FIG. 24 is a block diagram schematically illustrating a system for continuous integration and deployment of a service model using a deep learning framework according to an embodiment of the present invention. FIG. 25 is a block diagram illustrating a repository, a controller, and an edge server of FIG. 24. FIG. 26 is a block diagram of the controller of FIG. 24. FIGS. 27 and 28 are block diagrams of the edge server of FIG. 24. FIG. 29 is a signal flow diagram illustrating a method for continuous integration and deployment of a deep learning framework application service model of the system of FIG. 24. The following description refers to FIGS. 1 to 23.

Referring to FIG. 24, a system for continuous integration and deployment of a service model using a deep learning framework may include a distributed deep learning training cloud 60, a software configuration management (SCM) repository 65, a controller 70, and a plurality of edge servers 80.

The distributed deep learning training cloud 60 may include a plurality of distributed servers, each including a deep learning framework application query-based deep learning database server, and a main server configured to manage these distributed servers, enabling distributed training for learning models.
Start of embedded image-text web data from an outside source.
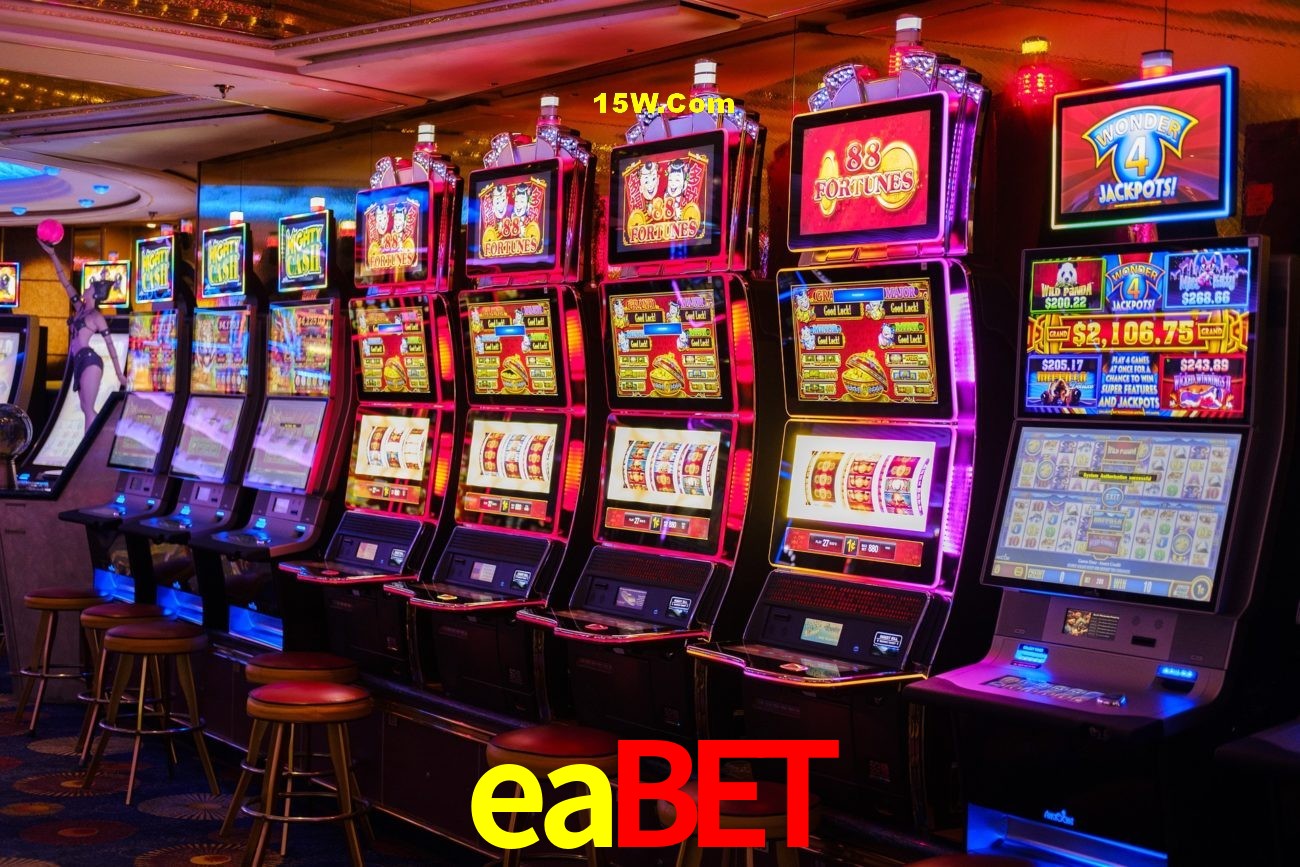 Live Casino eabet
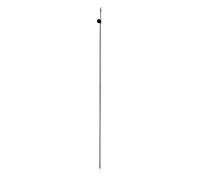 Lineaeffe Picchetti per la Pesca Picchetto Filettato 50 90 cm Mare Fiume Lago
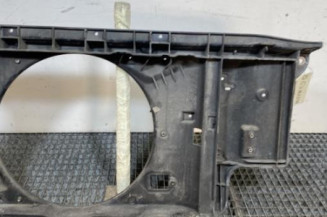 Face avant PEUGEOT 206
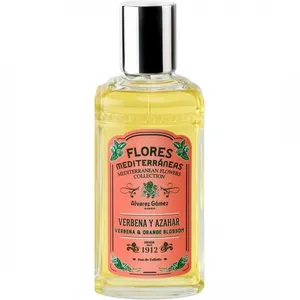 Alvarez Gómez Flores Mediterráneas - Verbena y Azahar parfüm şişesi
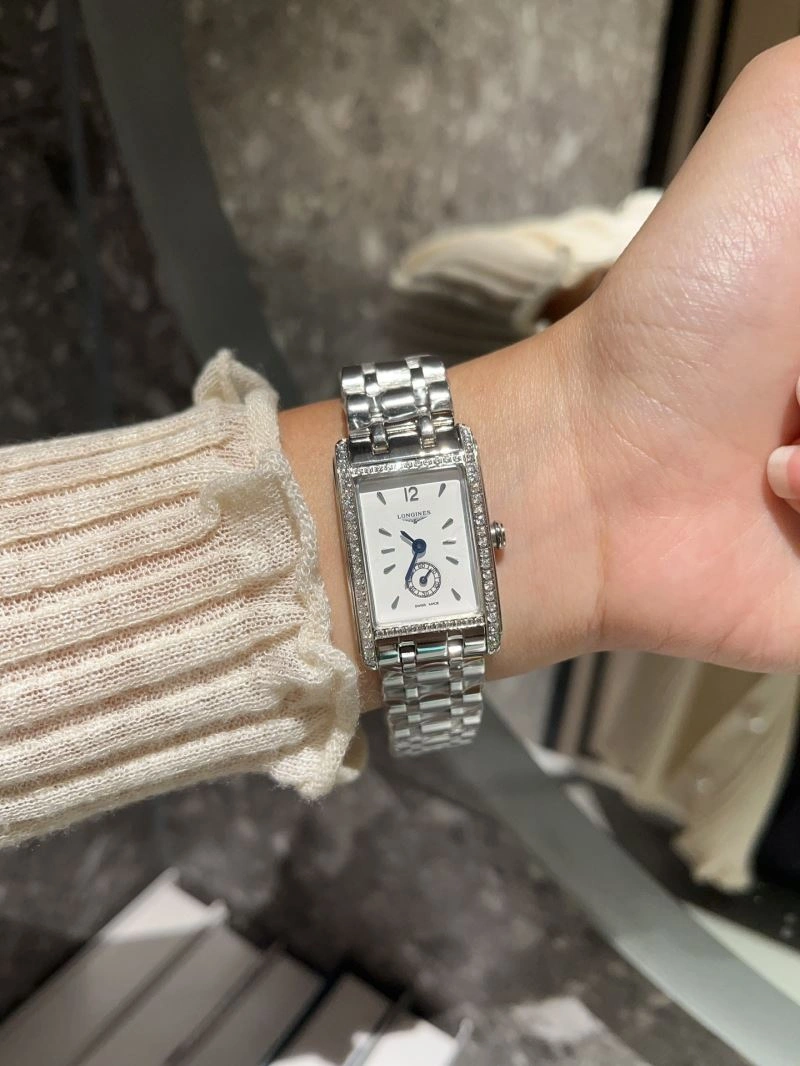 LONGINES Watches Stretchable 189285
In this embodiment, the main server and the plurality of distributed servers correspond to the main server 40 and the plurality of distributed servers 41 to 43 in FIGS. 10 to 23, and their general functions are as described above.

The distributed deep learning training cloud 60 may perform distributed deep learning training by selecting an appropriate learning model in response to a train query that requests a specific function. The distributed deep learning training cloud 60 may include various service models that are learning models subjected to distributed deep learning training. A service model may be realized by a service model table. The service model table may correspond to the inference model table Ti described above.

When the service model table is generated, the distributed deep learning training cloud 60 may transmit (commit) the generated service model table to the SCM repository 65.

The SCM repository 65 may store the service model table, which is the outcome of distributed training for a service model. The SCM repository 65 may store information regarding the latest version of service model table and its change history. The SCM repository 65 may be any one or a combination of, for example, GitHub, Git, subversion, docker hub.

Referring to FIG. 25, the SCM repository 65 may include various service model tables S/M_1 table to S/M_3 table that provide different service models, as well as an updated version table updated S/M_1 table.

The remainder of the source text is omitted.